Звонкая получилась оплеуха...
Говорят, за минуту до отхода поезда "Берлин - Москва" он, словно не в себе, вдруг выскочил из вагона, бормоча: "Не сейчас, не сейчас, не сейчас!" Жуткая сцена. Достоевский. Накануне, в ресторане, на своих проводах, он, подняв бокал, крикнул, что едет в красную Россию - "на распятие"! И вот спохватился: "не сейчас".
Кондуктор, пишут, уже на ходу втянул поэта в вагон. Тот крикнул что-то провожающим, но что - никто и не услышал...
Он, который только до революции выпустил 13 книг, действительно будет распят в СССР. Когда-то в юности, обыгрывая псевдоним "Белый", он призывал исследовать только "белые начала жизни". Теперь, в 1923-м, имя его грозно "обыграет" сам Троцкий. "Псевдоним его, - скажет о Белом, - свидетельствует о его противоположности революции, ибо эпоха революции прошла в борьбе красного с белым..."
"Человек - выше звезд!" - написал он однажды. Написал, когда понял, что даже Вселенная стала ему "по грудь". Но сам - вот ужас-то! - последние 15 лет реально, не образно, прожил не по грудь - по горло в земле - в сырой подвальной комнате на Плющихе. Считайте - в могиле с узким оконцем под потолком.

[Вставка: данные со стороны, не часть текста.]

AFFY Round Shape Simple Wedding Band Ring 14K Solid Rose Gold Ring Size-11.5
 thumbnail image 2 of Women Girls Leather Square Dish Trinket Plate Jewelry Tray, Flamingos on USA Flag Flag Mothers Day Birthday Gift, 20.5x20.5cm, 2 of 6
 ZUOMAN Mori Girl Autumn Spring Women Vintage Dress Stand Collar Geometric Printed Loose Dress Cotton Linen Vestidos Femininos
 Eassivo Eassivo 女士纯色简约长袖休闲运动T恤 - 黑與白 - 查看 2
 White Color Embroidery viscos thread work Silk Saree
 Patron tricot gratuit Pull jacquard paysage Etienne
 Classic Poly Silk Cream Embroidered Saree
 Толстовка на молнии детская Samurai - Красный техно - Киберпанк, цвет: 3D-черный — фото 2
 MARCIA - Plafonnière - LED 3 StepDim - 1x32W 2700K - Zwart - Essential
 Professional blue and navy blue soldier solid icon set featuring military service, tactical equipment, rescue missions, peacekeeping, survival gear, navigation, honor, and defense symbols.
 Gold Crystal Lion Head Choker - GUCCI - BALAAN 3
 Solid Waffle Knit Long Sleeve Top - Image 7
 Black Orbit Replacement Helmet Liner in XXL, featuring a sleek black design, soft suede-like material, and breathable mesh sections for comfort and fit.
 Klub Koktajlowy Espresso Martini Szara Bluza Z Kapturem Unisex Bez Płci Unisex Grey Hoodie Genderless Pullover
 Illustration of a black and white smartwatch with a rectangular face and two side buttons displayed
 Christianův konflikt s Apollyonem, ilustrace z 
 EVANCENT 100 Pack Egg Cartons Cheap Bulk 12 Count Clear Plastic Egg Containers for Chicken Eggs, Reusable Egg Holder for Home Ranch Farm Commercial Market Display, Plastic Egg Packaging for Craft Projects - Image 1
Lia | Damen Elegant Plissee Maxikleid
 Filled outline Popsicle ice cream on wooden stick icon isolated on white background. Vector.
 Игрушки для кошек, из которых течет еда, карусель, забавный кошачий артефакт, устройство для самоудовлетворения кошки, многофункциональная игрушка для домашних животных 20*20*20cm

Как он жил в то время - не пересказать. Представьте немое кино. Улицы, гололед, выбеленные инеем стены домов, на фоне которых бежит черная фигурка: скользит, оглядывается, размахивает руками, спотыкается. Зал в таком кино умирает от смеха. Но так или примерно так метался по Москве Белый в поисках хоть какого заработка. Лекции, семинарий с рабочими, обучение молодых поэтов в Пролеткульте. Печку пять месяцев растапливает рукописями, сваленными в углу, и несмотря на разыгравшуюся экзему, на крики тифозного за стеной, на тьму одолевших вшей, он, посреди мусора и хлама, в вечных шапке и перчатках (в комнате 7 градусов мороза) до четырех утра просиживает за столом, готовясь к лекциям, составляя программы, работая над "Записками чудака". Сидит, понимая, сквозь слезы, что опять встанет после десяти и опять останется без горячей воды, а значит, вновь, не напившись чаю, дрожа от холода, побежит черной побежкой по скользкой панели сначала на лекцию, потом на рынок за лепешками, потом - учить взрослых балбесов уважать Пушкина.
Вспоминал ли, интересно, прыгая озябшим кузнечиком по вымершей Москве, свое участие в бунте 1905 года, вечера в пользу ссыльных большевиков, вскрики у Гиппиус в 17-м: "Да-да-да, теперь русский флаг - будет красный флаг? Правда? Правда, надо, чтоб он был красный?.."
Последние 15 лет он проведет с Клавдией Васильевой, "тонкогубой монашкой в черном", по словам Берберовой, и, напротив, прелестным существом с "лучистыми глазами", в которых виден был "жар души", - по словам ее подруги. "Существо" было замужем, но когда Белого бросит в Берлине Ася, поэт без колебаний свяжет свою жизнь с ней - с "Клоденькой", "Невеличкой", как будет звать ее до самой смерти.
15 лет в подвале на Плющихе, где на 18 "квадратах" жили его Клодя, ее бывший муж и мать жены. И если до революции он был раздвоен, то здесь стал уже расчетверен.
Его, разодранного отцом и матерью, именем и псевдонимом, лицом и маской, теперь рубила на куски эпоха.